Twilight Time // PG // Region 0
List Price: $29.95 [Buy now and save at Screenarchives]

Review by Stuart Galbraith IV | posted November 6, 2013 | E-mail the Author
An anomaly among early ‘70s horror films, The Other (1972) was directed by and starring actors with little genre experience. Certain aspects of the film don't quite work but in many other ways the film is genuinely unsettling and original. Its premise in some aspects anticipates The Omen (1976), also produced by 20th Century-Fox and featuring a score by Jerry Goldsmith, though The Other was only moderately successful and is largely forgotten today. It's also one of those movies best experienced cold, so if you're inclined to see it you may want to stop reading here.

Twilight Time's new Blu-ray offers Goldsmith's music on an isolated track, a trailer is included and there are the usual enlightening liner notes by Julie Kirgo.


The Other adapts the debut bestselling novel by Tom Tryon, heretofore an actor best known as the lead in Otto Preminger's The Cardinal (1963) and who had starred with Gloria Talbott in the cult film I Married a Monster from Outer Space (1958). Tryon gave up acting after The Other's success to become a full-time novelist until his death in 1991. He executive produced the film and wrote the screenplay, though he was dissatisfied with the movie that resulted.

The story is set in 1935, in a small rural community where one summer identical twin boys Niles and Holland Perry (Chris and Martin Udvarnoky) play on the family farm.

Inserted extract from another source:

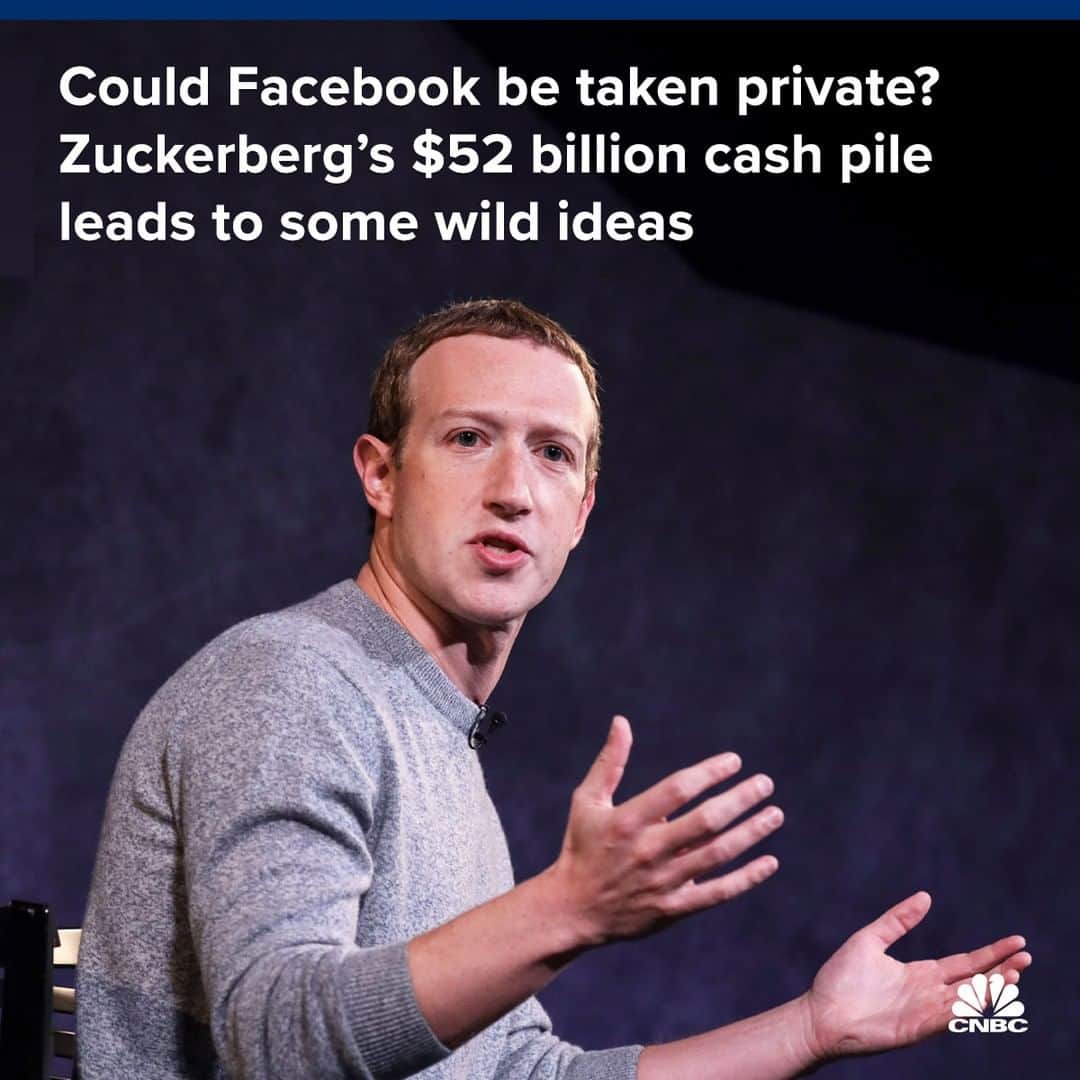 CNBCさんのインスタグラム写真 - (CNBCInstagram)「Facebook is sitting on $52 billion. 💰⁠ ⁠ But so much of Washington is mad at the social media giant that the heat may be too much for the company to make big acquisitions the market would normally expect. ⁠ ⁠ “There’s a real political constraint to their ability to do stuff,” said one expert. “Big tech companies have let their cash piles grow and grow and grow.”⁠ ⁠ The growing cash pile at Facebook begs the question: Is Mark Zuckerberg – who could well be tired of the fuss that comes with running a public company and already owns a large stake – planning to take the company private?⁠ ⁠ Get more details at the link in bio. ⁠」12月6日 2時01分 - cnbc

The amoral Holland particularly frequently gets into trouble. In the opening scenes, played without dialogue, the boys sneak into the barn belonging to their widow neighbor, Mrs. Rowe (Portia Nelson), breaking several jars of her preserves.

The boys' father is dead, having fallen through a trap door leading to the family's apple cellar, which is now the boys' hideout. Their mother (Diana Muldaur) is a recluse, apparently owing to the death of her husband. However, Niles especially is close to his grandmother Ada (Uta Hagen), a gentle Russian immigrant who has taught both boys "The Game," apparently psychic powers (though possibly merely imagined) that allow Niles to project himself outside his body. In a well-edited scene demonstrating this, Niles is able to experience the flight of a crow, through its eyes. It's also subtly suggested the boys have limited powers to move objects.

Holland seems to be using his powers to lash out at those who displease him. He engineers the death of an obnoxious cousin by positioning a pitchfork in some hay that the cousin unwittingly leaps upon, and later he frightens Mrs. Rowe into a fatal heart attack. Niles, meanwhile, mysteriously carries around a family heirloom supposedly buried with his father, along with something wrapped in blue wax paper. (He keeps these in a constantly rattling tin of tobacco.)

The story hinges on a major plot twist midway through that I won't reveal here. Despite cinematographic and music-scoring foreshadowing, it took me completely by surprise and is both extremely clever and abruptly moves the narrative in a completely different, interesting direction. (There's also no doubt it was a major influence on the writing style of M. Night Shyamalan.)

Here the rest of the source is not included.